When we meet, at the Earls in Port Coquitlam, we have sandwiches and coffee served to us by pretty, polished girls about the age Amanda would be now. Carol-in black hoodie and thick-rimmed glasses-is sedate but determined, regularly questioning my questions.

She has reason to be skeptical: having made herself known online, she has become a victim of the same cyber-stalking her daughter faced. “I got a message from one troll just this morning,” she begins. “He said that I’m doing this because I’m an attention lover.” Todd maintains Amandatoddlegacy.org, where she advocates for reform in schools and government. She has set up a legacy fund through the Vancouver Foundation to support anti-bullying initiatives; met with Laureen Harper, then-provincial health minister Margaret MacDiarmid, and NDP health critic Mike Farnworth; and flown to cities across the continent to raise funds and awareness. Like her daughter, Carol decided to broadcast herself more when faced with harassment-not quiet down.

“Amanda wasn’t unique in having all this happen to her, though,” I say. Recent research from Michigan State University has found that children regularly bullied online have more suicidal thoughts than those bullied offline. “Why did Amanda become such a rallying force?”

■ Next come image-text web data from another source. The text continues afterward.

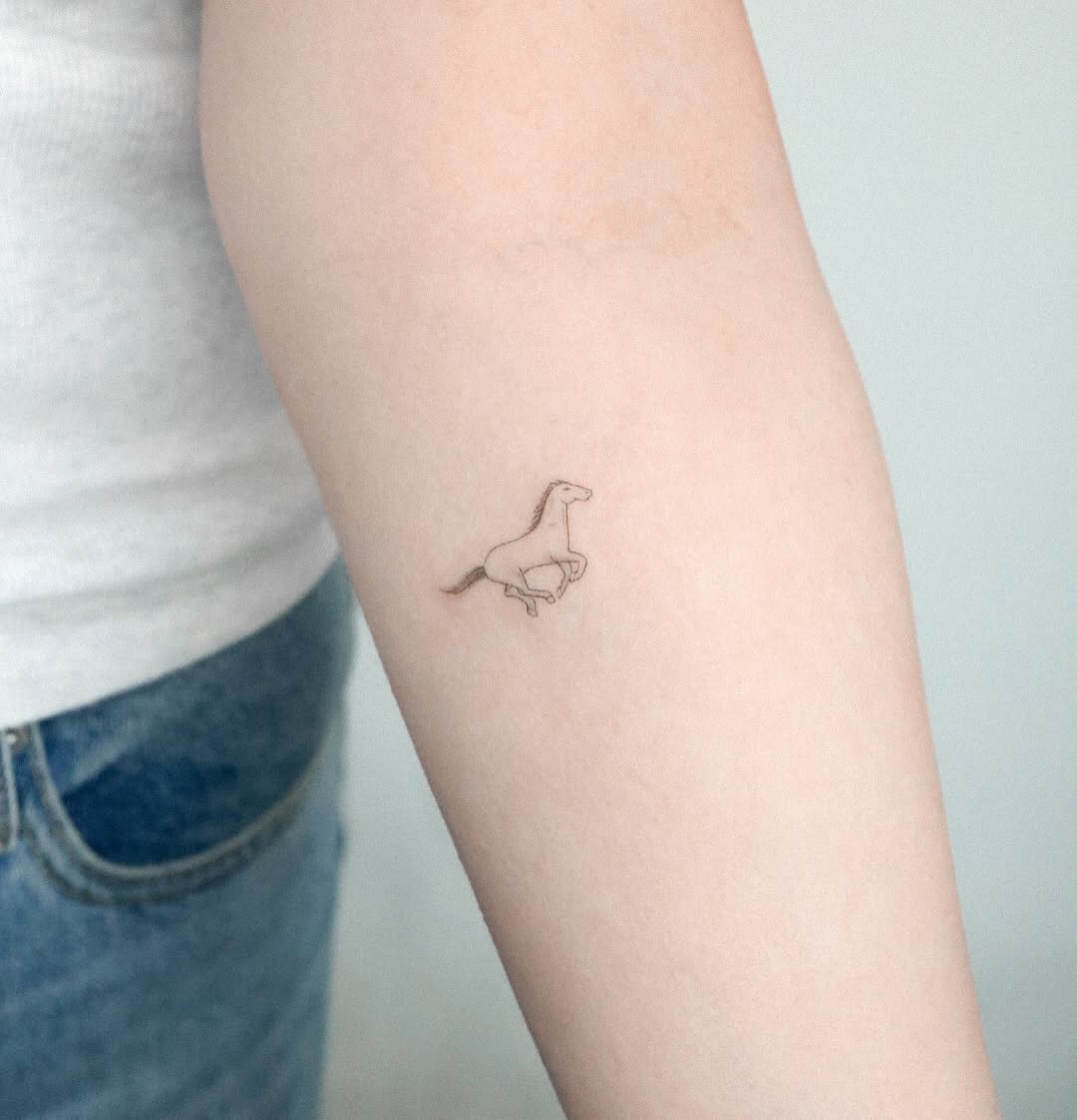 Tattoo by @cornu.tattoos β fine_line, minimalist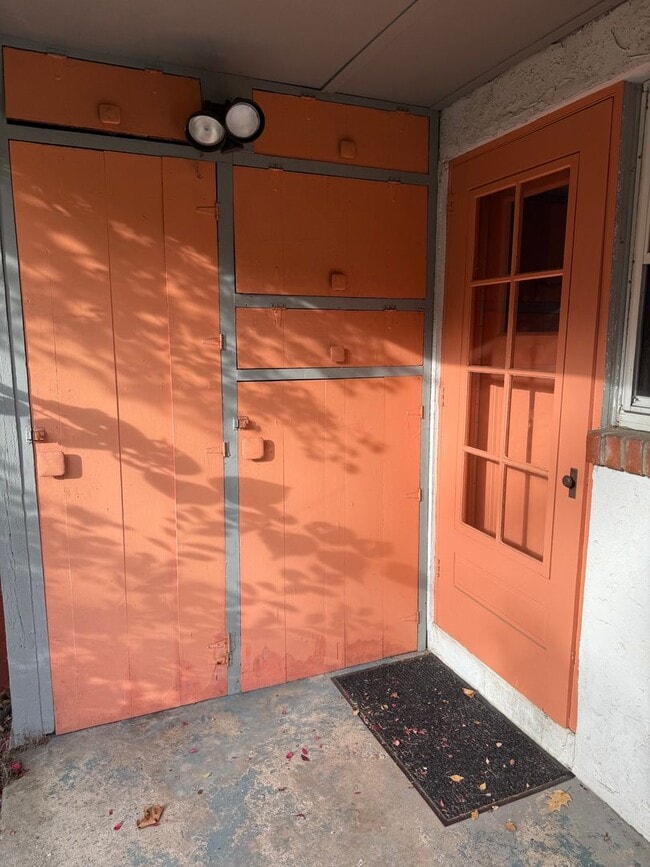 Building Photo - Charming Duplex Near Downtown State Colleg...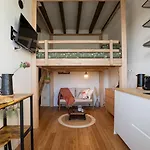 Wabi Sabi Studio Vicino Metro M1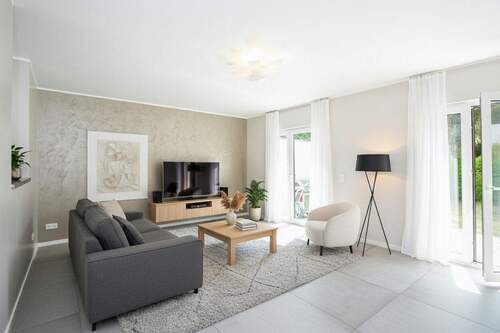 Wohnbereich visualisiert - 5 Zimmer Doppelhaushälfte in Dreieich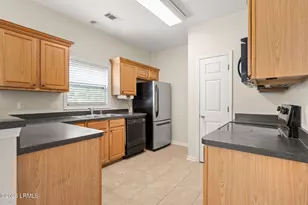 39 Woods Bay Rd, Bluffton, SC 29910 - Photo 18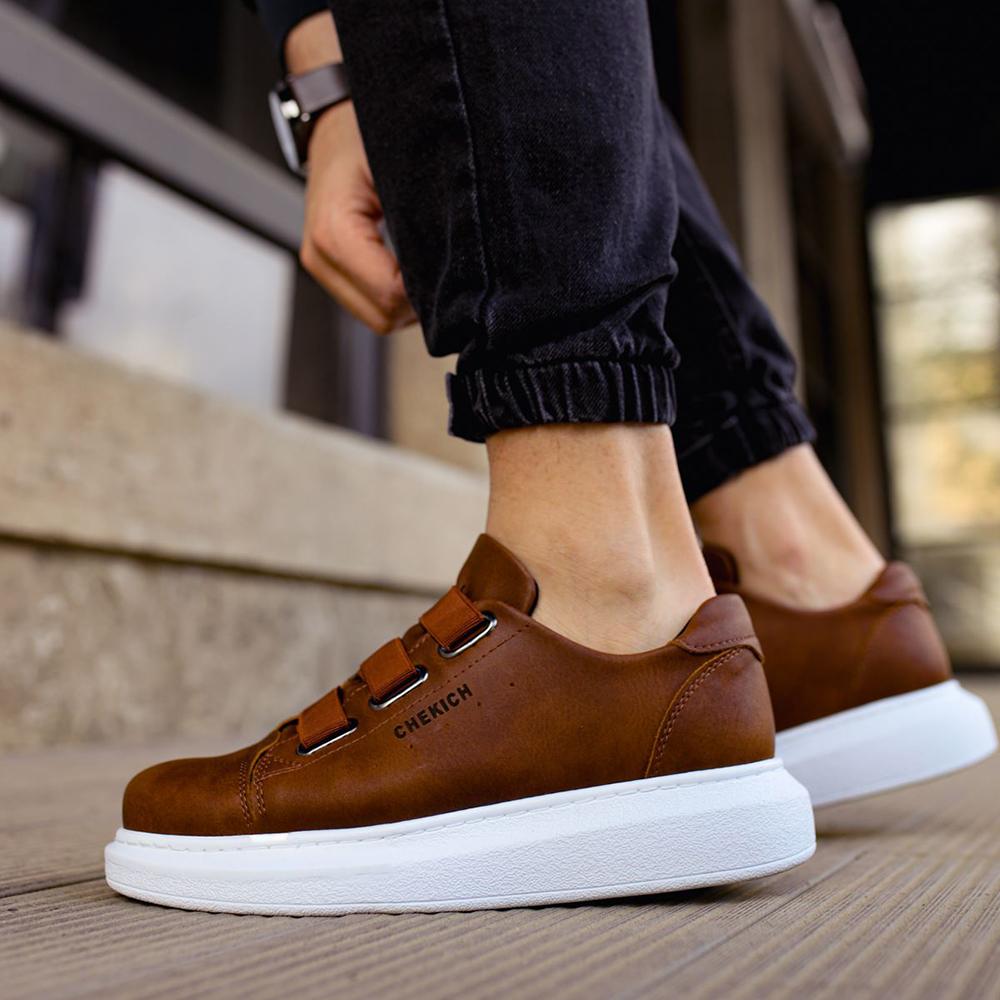 Chekich Мужская обувь Кроссовки белого цвета из искусственной кожи Летний сезон на резинке Удобные модные спортивные легкие дышащие CH253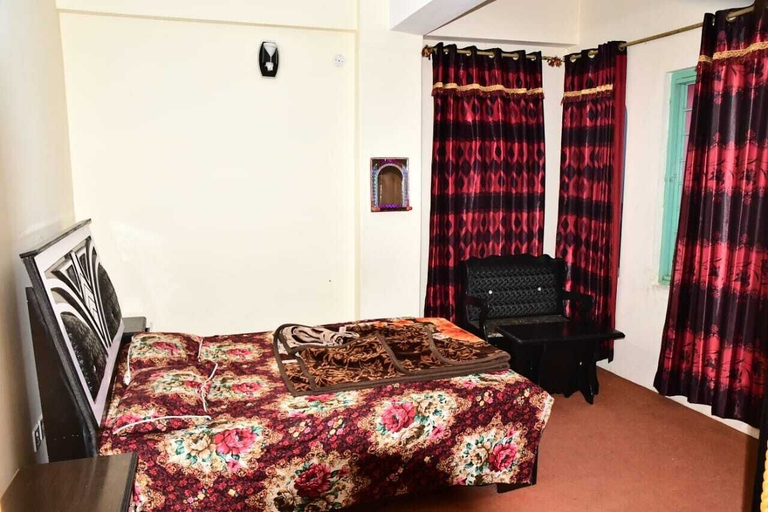 Bedroom 5, Kashmir Heights Hotel and Restaurant, Azad Kashmir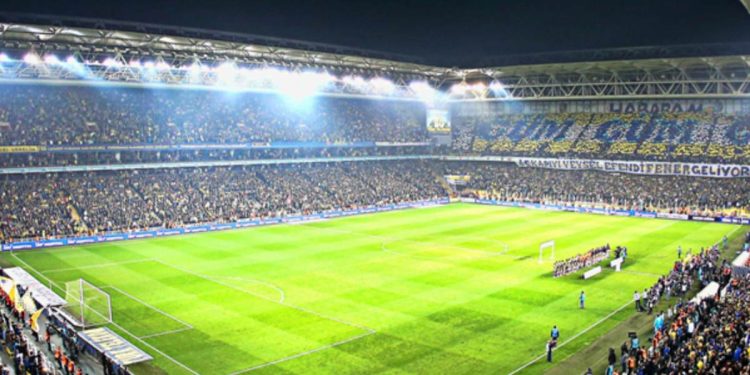 Fenerbahce Dinamo Kiev (Fonte: web)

“Well, it was the video, obviously. It was always the video. If she hadn’t made that video you wouldn’t be sitting here.”

We have all, in some way, become complicit in the massive broadcasting that online life invites. But occasionally someone-usually a digital native like Amanda-will turn something banal like YouTube into a scorching confessional, and we are shaken into real awareness. The very technology that was a vehicle for her harassment has emerged a year later as the driving force in her transformation from “another bullying statistic” to, in her mother’s words, “something that woke up the world.”

Lunch over, Carol fishes from her purse a couple of pink silicon bracelets, each emblazoned with Amanda Todd and Stay Strong. “Thanks,” I reply, not sure if that’s what you say to such a gift.

“Will you let me see this piece before you put it in the magazine?”

“Oh, we actually don’t-” She stops me. “You understand: I’m still her mother. I still need to protect her.”

And yet, I want to say, Amanda’s story-consumed by millions, repeated across thousands of web pages, pored over in a flood of commentary-has been pushed so far beyond the grip of a mother’s care.